There, straddling a state-of-the-art mountain bike, was a ponytailed blonde in sports bra and black spandex... and lord what spectacular terrain they covered. She was a golden goddess, the kind of girl that you were compelled to stare at, open mouthed, no matter how cro-magnon it made you feel. As I rode past, she studied me in what seemed a purely dismissive fashion, then to my surprise she spoke cheerfully.
"Morning. You Paul?"
I wasn't. I wished I was. I pedaled myself to an awkward stop. "Ah, no," I said, then thought of the most insightful question I could. "You meeting somebody?" Ugh.
It was almost 9:30. For having been stood up, this woman was remarkably buoyant. But I was way more incredulous that anyone would miss an opportunity to spend time with somebody who looked like that. Embarrassed for her, I said the first polite thing that came to my brain. "That sucks. I'm just starting my ride if you want somebody to go with..."
Crap. Gawky nerd shirt just asked super girl on a weird kind of semi-date. If my hands weren't tight on the handlebars I'd have covered my face in shame.
"Cool," she said, blowing me over. "Great Saturday for a ride, and I hate wastin' em. Let's do it." She leaned over her handlebars and offered her hand. "I'm Barbara."
"I'm... Ted," I said, totally amazed at my good fortune, while at the same time worried about embarrassing myself on the ride. I shook her lovely hand and offered my best "I'm not a rapist" smile.
She beamed back at me. It was hands down the most breathtaking smile I'd ever seen. "Okay, Ted. Let's ride. Don't let my fancy bike fool ya... I'm a slow climber."

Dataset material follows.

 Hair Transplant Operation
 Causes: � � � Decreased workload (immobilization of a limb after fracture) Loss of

"You're in good company, Barbara, believe me." She laughed. I laughed. It seemed great.
It seemed great.
Ten minutes later we'd started the first climb without exchanging a word. She led, giving me a clear view of her spectacular backside. But soon I was too winded to even worry about that. I was more out of shape than I'd thought, but Barbara was not, not by any definition of the word, so I was surprised when she stopped at the top of the hill. Sluggishly, I caught up to her and saw why she'd paused.

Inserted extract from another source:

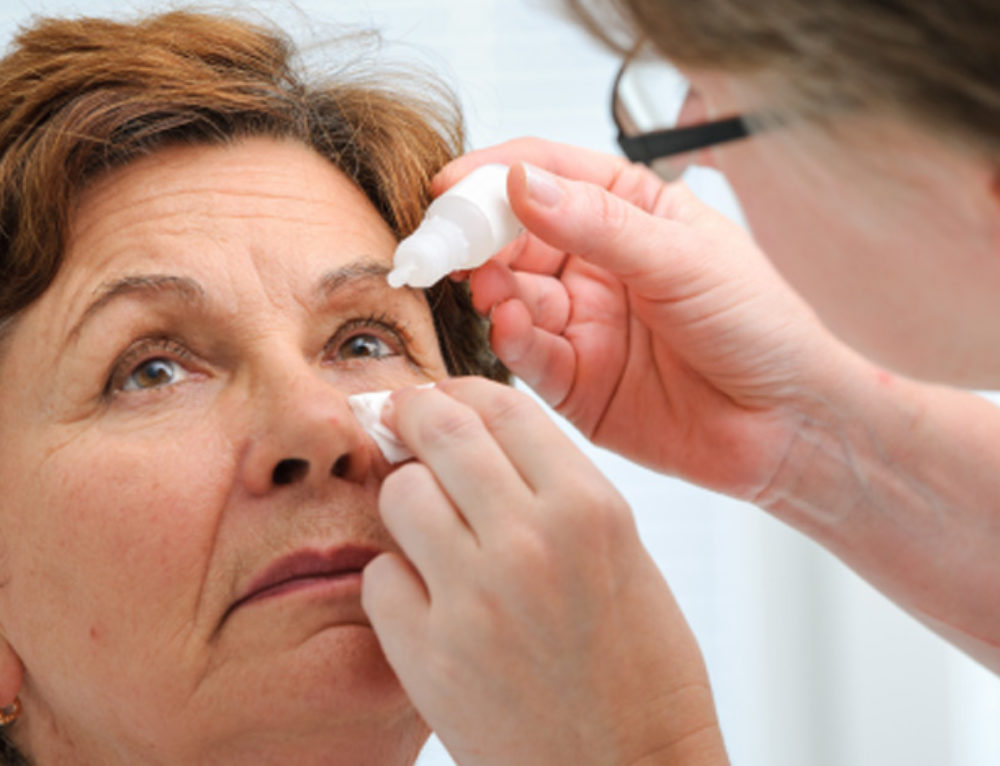 Когда можно мыть голову после катаракты. Закапывая капли в глаза пациенту. Аппликационная терапия глаза. Инстилляция глазных капель.
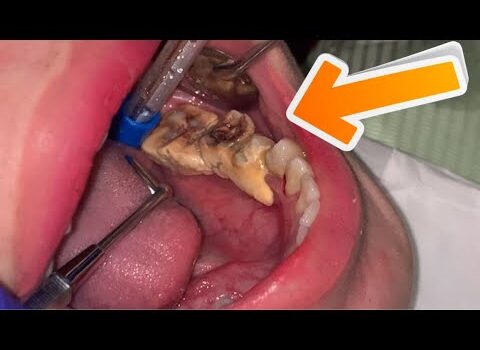 Dental Practice Financing For Dentists – Call BRT: 904-551-6090:  SCALING CALCULUS | Dentist | Dokter Gigi Tri Putra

The vista was spectacular. Below us, Clear Creek Valley spilled away over giant granite boulders and rows of gently waving pine. On either side of us the mountains cut majestically into blue sky. The creek itself was rushing and bounding in the middle of it all, reflecting the morning sun in sparks of dazzling white.
"Wow," she said reverently. "I never get tired of that."

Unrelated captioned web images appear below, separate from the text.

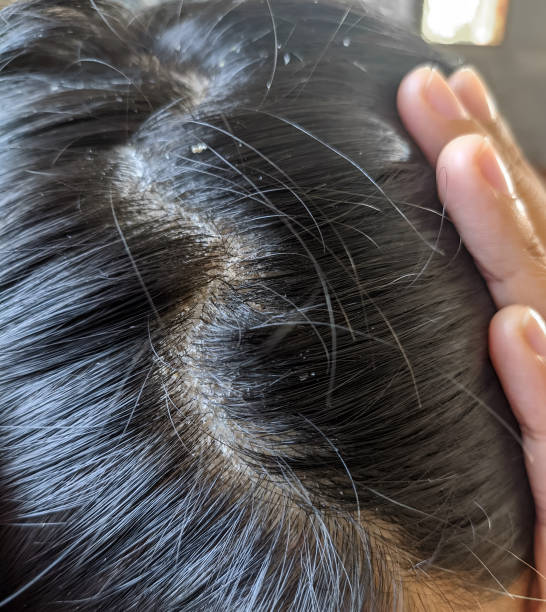istock Dandruff flakes between hair on the scalp 1941848474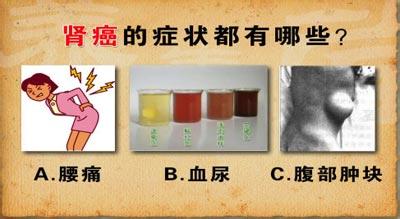 血尿会是肾癌吗?肾癌有什么症状?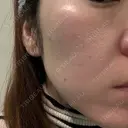 ピーリング（ニキビ・毛穴） / LDM・インテンスウルトラ ライズワン美容皮膚科クリニック BEFORE サムネイル用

"Yeah. Guess Paul really missed out."
She cocked her head at me. Did she just wink? "You probably wonder how I could meet a guy at a party and not even recognize him the next day."
I frowned. That little piece of confusion hadn't worked itself out in my blonde-stunned brain. "Now that you mention it..."
"I'm not some kind of slut," she said, pointing at me.
"Wouldn't suggest it." I shook my head. Was she calling me a slut?
"Sluts drink too much and then forget the guys they sleep with."
"Or make bike riding dates with," I joked, trying to support her increasingly strange line.
"Hey," she said, narrowing her perfect eyebrows at me. "I said I'm not one."
"I know," I said, too fast. Or not fast enough. "I'm agreeing with you."
That seemed to satisfy her. I hadn't felt this muddleheaded talking to a girl since middle school, though it clearly wasn't all on my side. Before I could work out something more to say, she spoke again, or still.
"So you probably wonder."
I blinked. "Oh, about how you'd think I was Paul, back at the parking lot."
"Right!" Suddenly, she thrust her hands toward the sky like a priestess summoning thunder. Her breasts bounced in time. "It's simple as simple! I lied to you. I come here every Saturday and wait for some lone biker guy to show up at the lot. And that's how I always have someone to ride with." She looked at her watch and giggled. "I usually don't fess up, but... you seem harmless."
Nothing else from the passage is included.